Sharing with Rill Cloud
Rill Developer is a local development tool. To share a dashboard with teammates, deploy to Rill Cloud with one command from your project directory:
rill deploy
Rill pushes your project to the cloud, connects to your data source using cloud credentials, and gives you a shareable URL. Recipients get the same interactive Explore dashboard in their browser with no local setup required.
Rill Cloud adds an AI Chat feature that lets users type questions such as "show me revenue by region for Q1" and get a filtered dashboard view in response. It also adds scheduled email reports and metric threshold alerts. The free tier supports up to five users.
When Rill Is the Right Tool
Rill excels when your data is relatively clean and your primary need is exploration and operational monitoring rather than pixel-perfect report layouts or custom chart types. The Explore dashboard is opinionated: time-series chart, leaderboards, and comparison tables. You cannot build a freeform canvas or add a chart type from a third-party library.

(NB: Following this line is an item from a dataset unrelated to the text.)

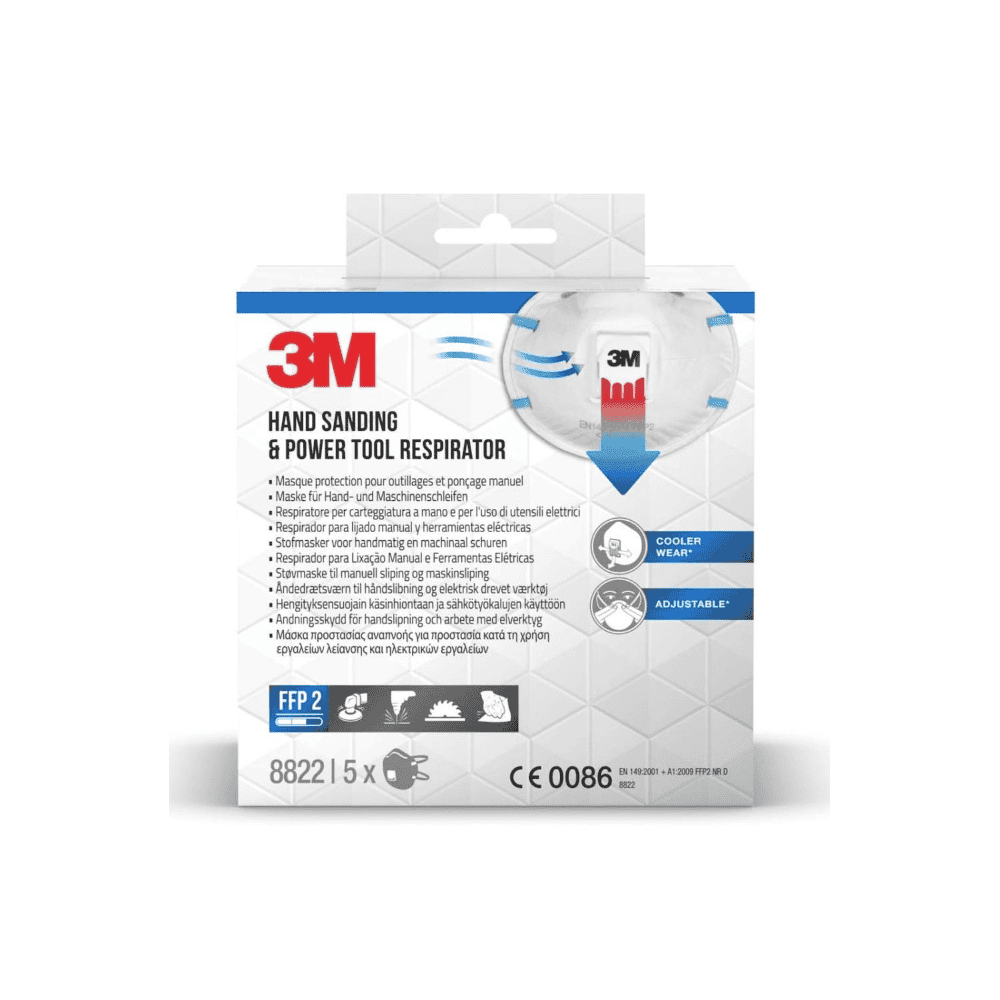 3M Masque de protection respiratoire 8822PRO5 blanc/bleu, 5 pièces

For pure exploration on CSV or Parquet data, Rill is faster to set up than Metabase, Evidence.dev, or Apache Superset. A benchmark published by the Rill team in 2024 showed queries on a 100-million-row Parquet file completing in under two seconds on a standard laptop, versus 15 to 30 seconds for an equivalent Pandas-based notebook operation.
If your file is messy and you want instant statistical analysis, AI-generated charts, and plain-English query results from an upload prompt, VSLZ handles that from a file drop with no YAML or SQL configuration.
Next Steps
After your first working dashboard in Rill Developer, the most useful next actions are setting up metric alerts, which send an email when a value moves outside a defined range, and scheduling a daily report that delivers a snapshot of your key numbers each morning. Both are available in Rill Cloud under project settings.
For teams with larger datasets or real-time event streams, Rill supports ClickHouse as an alternative engine. Once connected, Rill can query billions of rows with sub-second response times while supporting multiple concurrent dashboard users.
FAQ
What is Rill Developer and what does it do?
Rill Developer is a free, open-source BI tool that creates interactive dashboards from CSV files, Parquet files, or cloud data sources without requiring a warehouse or database server. It runs an embedded DuckDB engine on your local machine, reads data files directly, and lets you generate metrics views and Explore dashboards using an AI-assisted setup flow. You install it with one command and access it in your browser at localhost:9009.
Does Rill work with CSV files directly?
Yes. Rill reads CSV and Parquet files directly from your local machine with no import step or schema configuration. You click Add Data, choose Local file, and select your CSV. Rill auto-detects column types, previews the first 150 rows, and creates a source definition. There is no need to load data into a separate database first.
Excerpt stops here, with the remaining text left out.